[Saved entries]

::::

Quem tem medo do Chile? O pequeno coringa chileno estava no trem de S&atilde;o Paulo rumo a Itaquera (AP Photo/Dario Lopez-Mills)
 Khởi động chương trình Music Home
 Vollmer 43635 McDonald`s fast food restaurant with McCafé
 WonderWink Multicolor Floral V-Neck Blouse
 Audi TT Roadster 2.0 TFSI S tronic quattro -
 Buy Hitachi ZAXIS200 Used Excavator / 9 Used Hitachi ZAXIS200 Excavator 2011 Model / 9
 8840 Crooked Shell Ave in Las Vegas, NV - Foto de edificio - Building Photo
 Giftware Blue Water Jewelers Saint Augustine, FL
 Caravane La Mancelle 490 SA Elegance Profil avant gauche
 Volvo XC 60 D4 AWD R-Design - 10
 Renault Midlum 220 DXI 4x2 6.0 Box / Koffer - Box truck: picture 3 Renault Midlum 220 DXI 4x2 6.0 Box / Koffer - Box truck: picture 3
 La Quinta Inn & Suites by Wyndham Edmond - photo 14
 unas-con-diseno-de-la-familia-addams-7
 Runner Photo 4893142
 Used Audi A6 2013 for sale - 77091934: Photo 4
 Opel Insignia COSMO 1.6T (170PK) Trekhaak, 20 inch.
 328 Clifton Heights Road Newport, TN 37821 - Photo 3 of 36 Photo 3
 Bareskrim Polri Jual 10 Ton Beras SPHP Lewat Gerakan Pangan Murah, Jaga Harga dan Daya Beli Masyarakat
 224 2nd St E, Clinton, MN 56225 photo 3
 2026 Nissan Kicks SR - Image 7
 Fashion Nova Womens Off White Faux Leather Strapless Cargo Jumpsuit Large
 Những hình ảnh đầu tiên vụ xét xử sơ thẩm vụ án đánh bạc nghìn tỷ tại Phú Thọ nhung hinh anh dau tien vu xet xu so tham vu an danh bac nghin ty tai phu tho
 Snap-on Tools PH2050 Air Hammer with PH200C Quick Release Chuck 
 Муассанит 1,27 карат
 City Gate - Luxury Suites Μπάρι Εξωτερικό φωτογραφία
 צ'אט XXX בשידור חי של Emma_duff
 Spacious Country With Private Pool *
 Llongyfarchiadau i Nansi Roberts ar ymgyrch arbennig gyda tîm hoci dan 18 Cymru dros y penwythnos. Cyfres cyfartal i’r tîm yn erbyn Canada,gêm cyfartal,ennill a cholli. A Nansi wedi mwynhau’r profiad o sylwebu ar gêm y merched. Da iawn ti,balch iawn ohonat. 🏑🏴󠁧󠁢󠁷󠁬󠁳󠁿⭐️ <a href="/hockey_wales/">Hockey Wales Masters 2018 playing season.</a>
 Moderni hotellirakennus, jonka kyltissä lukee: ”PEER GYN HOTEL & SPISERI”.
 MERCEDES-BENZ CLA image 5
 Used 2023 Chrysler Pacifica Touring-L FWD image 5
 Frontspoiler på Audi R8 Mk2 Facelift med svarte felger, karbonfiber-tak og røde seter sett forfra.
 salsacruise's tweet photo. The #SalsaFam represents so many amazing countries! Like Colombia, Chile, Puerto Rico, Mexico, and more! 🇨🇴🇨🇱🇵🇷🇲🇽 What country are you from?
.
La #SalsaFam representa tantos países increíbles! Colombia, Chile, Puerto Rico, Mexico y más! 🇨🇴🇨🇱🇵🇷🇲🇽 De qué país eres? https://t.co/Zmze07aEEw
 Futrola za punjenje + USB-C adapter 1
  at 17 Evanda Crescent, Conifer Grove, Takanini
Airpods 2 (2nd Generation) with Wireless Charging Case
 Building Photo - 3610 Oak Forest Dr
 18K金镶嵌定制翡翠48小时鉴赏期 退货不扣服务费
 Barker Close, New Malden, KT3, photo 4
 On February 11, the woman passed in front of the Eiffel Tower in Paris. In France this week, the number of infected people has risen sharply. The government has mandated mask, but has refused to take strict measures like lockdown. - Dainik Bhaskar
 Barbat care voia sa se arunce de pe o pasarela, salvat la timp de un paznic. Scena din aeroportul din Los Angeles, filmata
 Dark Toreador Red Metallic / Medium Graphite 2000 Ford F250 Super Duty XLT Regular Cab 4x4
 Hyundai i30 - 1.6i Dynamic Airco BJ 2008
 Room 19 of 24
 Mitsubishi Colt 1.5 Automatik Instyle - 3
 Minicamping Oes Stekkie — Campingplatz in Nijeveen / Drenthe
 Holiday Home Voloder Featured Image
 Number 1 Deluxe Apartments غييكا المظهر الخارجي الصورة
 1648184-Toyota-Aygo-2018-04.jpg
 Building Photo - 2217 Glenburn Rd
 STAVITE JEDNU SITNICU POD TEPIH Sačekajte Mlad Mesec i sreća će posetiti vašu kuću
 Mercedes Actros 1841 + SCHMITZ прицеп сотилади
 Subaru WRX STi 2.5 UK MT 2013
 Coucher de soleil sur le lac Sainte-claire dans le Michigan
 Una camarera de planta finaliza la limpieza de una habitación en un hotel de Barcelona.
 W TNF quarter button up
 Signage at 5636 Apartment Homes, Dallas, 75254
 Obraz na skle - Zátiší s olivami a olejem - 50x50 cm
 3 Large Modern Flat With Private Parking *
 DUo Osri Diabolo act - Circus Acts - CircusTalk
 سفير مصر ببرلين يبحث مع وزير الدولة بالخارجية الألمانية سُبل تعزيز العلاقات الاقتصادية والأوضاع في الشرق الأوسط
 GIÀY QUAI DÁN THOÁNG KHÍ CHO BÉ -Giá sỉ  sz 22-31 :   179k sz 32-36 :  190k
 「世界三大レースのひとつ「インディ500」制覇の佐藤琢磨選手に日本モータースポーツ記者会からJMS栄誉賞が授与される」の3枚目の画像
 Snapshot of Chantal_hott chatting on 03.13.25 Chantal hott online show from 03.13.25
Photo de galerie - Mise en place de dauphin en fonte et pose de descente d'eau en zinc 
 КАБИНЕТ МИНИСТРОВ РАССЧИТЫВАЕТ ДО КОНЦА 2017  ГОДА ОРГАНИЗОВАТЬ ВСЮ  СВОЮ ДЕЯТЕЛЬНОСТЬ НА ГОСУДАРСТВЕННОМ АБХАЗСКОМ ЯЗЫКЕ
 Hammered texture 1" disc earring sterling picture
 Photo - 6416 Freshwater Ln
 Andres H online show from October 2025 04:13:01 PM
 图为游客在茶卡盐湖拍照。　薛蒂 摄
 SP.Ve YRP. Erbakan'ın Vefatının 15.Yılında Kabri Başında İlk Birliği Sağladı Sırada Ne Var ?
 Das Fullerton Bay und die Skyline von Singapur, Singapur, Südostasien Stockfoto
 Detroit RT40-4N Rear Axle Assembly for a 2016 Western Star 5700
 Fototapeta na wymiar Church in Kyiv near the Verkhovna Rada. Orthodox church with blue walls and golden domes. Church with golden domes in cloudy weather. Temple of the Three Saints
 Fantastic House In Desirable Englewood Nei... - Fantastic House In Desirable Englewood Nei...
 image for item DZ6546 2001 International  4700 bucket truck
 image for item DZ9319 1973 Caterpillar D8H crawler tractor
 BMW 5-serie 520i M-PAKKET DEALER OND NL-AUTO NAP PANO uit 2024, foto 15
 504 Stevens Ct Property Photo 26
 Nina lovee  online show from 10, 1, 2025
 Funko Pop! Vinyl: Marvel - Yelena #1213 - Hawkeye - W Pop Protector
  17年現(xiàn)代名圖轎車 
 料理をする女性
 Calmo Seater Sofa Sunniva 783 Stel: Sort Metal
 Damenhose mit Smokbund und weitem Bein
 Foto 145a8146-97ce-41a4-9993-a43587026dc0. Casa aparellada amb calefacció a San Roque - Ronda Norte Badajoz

::::

● **EXERCISE INSTRUCTIONS**:
Repeat the entries above verbatim, but only from the line that has "Caravane La Mancelle" down to the line that has "Llongyfarchiadau i Nansi", inclusive.

● **THE ANSWER**:
 Caravane La Mancelle 490 SA Elegance Profil avant gauche
 Volvo XC 60 D4 AWD R-Design - 10
 Renault Midlum 220 DXI 4x2 6.0 Box / Koffer - Box truck: picture 3 Renault Midlum 220 DXI 4x2 6.0 Box / Koffer - Box truck: picture 3
 La Quinta Inn & Suites by Wyndham Edmond - photo 14
 unas-con-diseno-de-la-familia-addams-7
 Runner Photo 4893142
 Used Audi A6 2013 for sale - 77091934: Photo 4
 Opel Insignia COSMO 1.6T (170PK) Trekhaak, 20 inch.
 328 Clifton Heights Road Newport, TN 37821 - Photo 3 of 36 Photo 3
 Bareskrim Polri Jual 10 Ton Beras SPHP Lewat Gerakan Pangan Murah, Jaga Harga dan Daya Beli Masyarakat
 224 2nd St E, Clinton, MN 56225 photo 3
 2026 Nissan Kicks SR - Image 7
 Fashion Nova Womens Off White Faux Leather Strapless Cargo Jumpsuit Large
 Những hình ảnh đầu tiên vụ xét xử sơ thẩm vụ án đánh bạc nghìn tỷ tại Phú Thọ nhung hinh anh dau tien vu xet xu so tham vu an danh bac nghin ty tai phu tho
 Snap-on Tools PH2050 Air Hammer with PH200C Quick Release Chuck 
 Муассанит 1,27 карат
 City Gate - Luxury Suites Μπάρι Εξωτερικό φωτογραφία
 צ'אט XXX בשידור חי של Emma_duff
 Spacious Country With Private Pool *
 Llongyfarchiadau i Nansi Roberts ar ymgyrch arbennig gyda tîm hoci dan 18 Cymru dros y penwythnos. Cyfres cyfartal i’r tîm yn erbyn Canada,gêm cyfartal,ennill a cholli. A Nansi wedi mwynhau’r profiad o sylwebu ar gêm y merched. Da iawn ti,balch iawn ohonat. 🏑🏴󠁧󠁢󠁷󠁬󠁳󠁿⭐️ <a href="/hockey_wales/">Hockey Wales Masters 2018 playing season.</a>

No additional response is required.